Japan on Friday unveiled plans to control exports of 23 items used to make semiconductors, after the Netherlands implemented similar restrictions this month, prompting a rebuke from China.
“The announced measure is aimed at complementing efforts to avoid the military diversion of technologies,” a trade ministry official in the export control division told AFP.
The ministry will now solicit public opinion on the measures, which are expected to come into force from July, according to local media.
Recent years have seen a ratcheting up of tensions in the global market for microchips, with Western officials raising the alarm over the provision of core components to increasingly adversarial trading partners.
The Dutch government announced its plans for new export rules following pressure from the United States to restrict Chinese access to the technology.

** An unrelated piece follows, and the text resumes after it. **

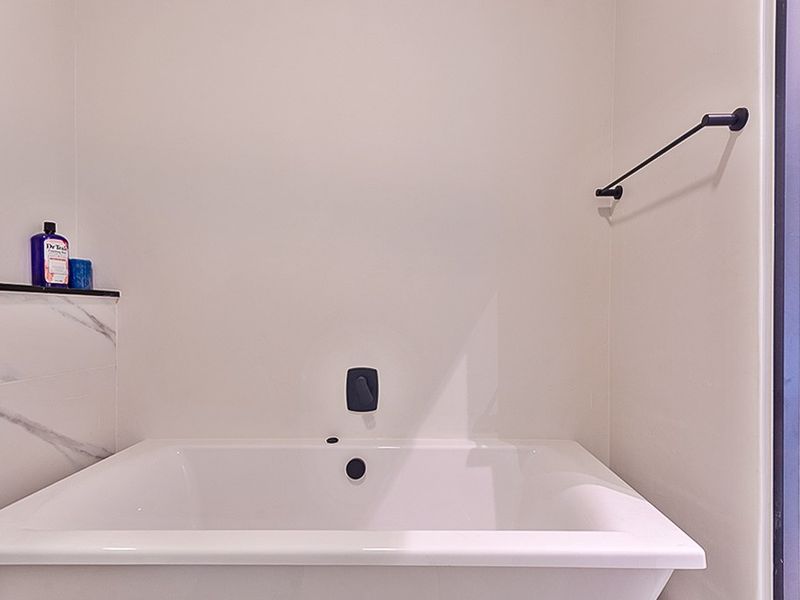 A clean, modern bathroom featuring a built-in bathtub with matte black fixtures and elegant marble-look tile detailing.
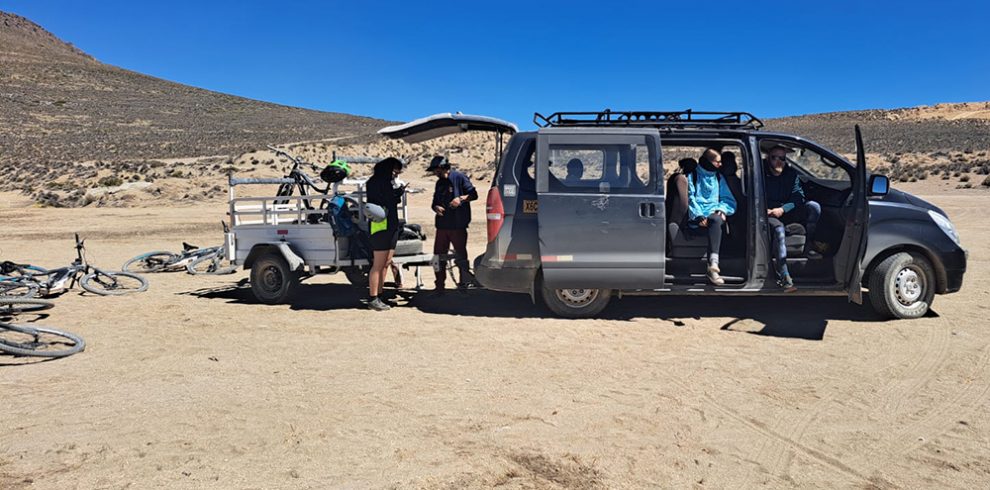 Die Gruppe macht eine Rast beim Begleitfahrzeug der Tour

Japan had been expected to take similar steps with its ally Washington also reportedly urging the country to impose controls.
The United States in October announced export measures aimed at restricting China’s ability to buy and manufacture high-end chips with military applications.
They included restrictions on some chips used in supercomputing as well as stricter requirements on the sale of semiconductor equipment.
At the time, the US commerce department said those moves were to prevent “sensitive technologies with military applications” from being acquired by China’s military, intelligence and security services.
In response, China filed a dispute with the World Trade Organisation accusing Washington of threatening global supply chains.
And it called the Dutch move the result of “bullying and hegemony” by the West.